When I started this project, I walked down to the Deerfield River at the beginning of my senior year, contemplating the difficult year ahead. I began to take in the beautiful scenery, the trees, the flowers, and the gorgeous stream. However, this beauty that was made up of so many different colors and plant species was suddenly interrupted by the ugliness of an array of dead trees, due to the competition of the non-native uninvited Japanese and Bohemian Knotweed. This scene was a reminder of my Grandmother's house. The trees and other plants along the river bank could have been magnificent, but there were no stewards to make a difference. I began to do research on these plants and found that both Japanese and Bohemian Knotweed are invasive plants that originate from east Asia, but now harm the land of North America economically, as well as physically through property damage and ecosystem degradation. This wasn't just a problem with my grandmother's house and the trees on the riverbank, but rather, it affects so many. Such a big problem, but with such little intervention. Japanese and Bohemian knotweed not only hurt a tree or a plant you may see walking around, but it takes over ecosystems, decreases biodiversity, and affects the longevity of the ecosystem. I imagined what this area would be like if it had a steward like my grandmother, who visited daily, cared for the space, and tended to its needs. Feeling that absence of a steward in the place and knowing firsthand how impactful that role is, I felt called to action.

 

Our environmental science class decided that we could be the hub for a change, and decided to continue our research in order to make a plan to get rid of these plants, and be stewards by logging our information almost everyday through Nature’s Notebook, and keeping exact logs of the observations we as a class made. We learned that along with Japanese and Bohemian Knotweed causing so much damage, they also are virtually impossible to get rid of without continuous application of herbicides, and this constant application needs to take place at a certain time of variability for the plants.

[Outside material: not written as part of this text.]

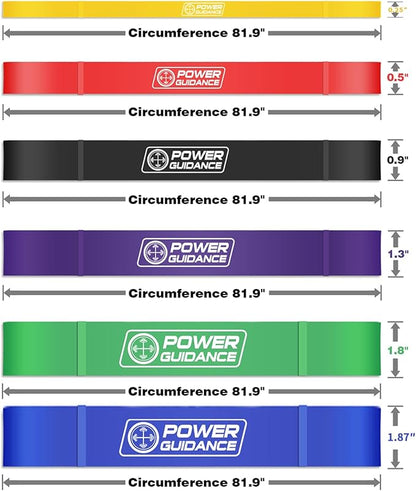 POWER GUIDANCE Resistance Bands, Set of 5 Pull Up Bands, Pull Up Assistance Bands, Exercise Bands, Resistance Bands Set for Legs, Working Out, Muscle Training, Physical Therapy, Shape Body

With that in mind, we needed to figure out the certain time frame that would be most optimal for land owners to use said herbicides. In order to find out this, doing external research told us that the best time to be able to have these knotweeds was after the flowering of these plants. As a class, we then took turns monitoring knotweed phenology along the river to understand the flower phenophase timing by using our specific logs. This information would inform stewards when the most optimal time for targeted management practices. We figured out that on the day of 9/16 and 9/18, both were almost fully flowered, and then on 10/09, that was the last day that any flowers or buds were observed.

 

Now, with this information, it was another step towards advancing citizen science and increasing overall stewardship here at Deerfield, but more importantly across the whole world. The information that we obtained through our research can now be used through the USA National Phenology Network to help create a better understanding of Japanese/Bohemian Knotweed, therefore increasing stewardship on a level that we would normally not be able to do.

 

After helping to create a change, I now understand why my grandmother cared so much for her flowers. It was not because I was able to play hide and seek in her garden or the flowers just looked pretty. Rather, she understood that her garden stood for something bigger. To be a steward, and to be someone that cares not to gain anything, is someone who also archives reciprocity. When my grandmother cared for the land, the land then also cared for her. By doing what my grandmother did by caring for something bigger than her, something that was able to give her a sense of home, a community, I am now able to try and do the same here at Deerfield Academy. My grandmother was able to foster her own community and make a difference at any opportunity that she could, and I think I am one step closer to becoming the steward my grandmother once was.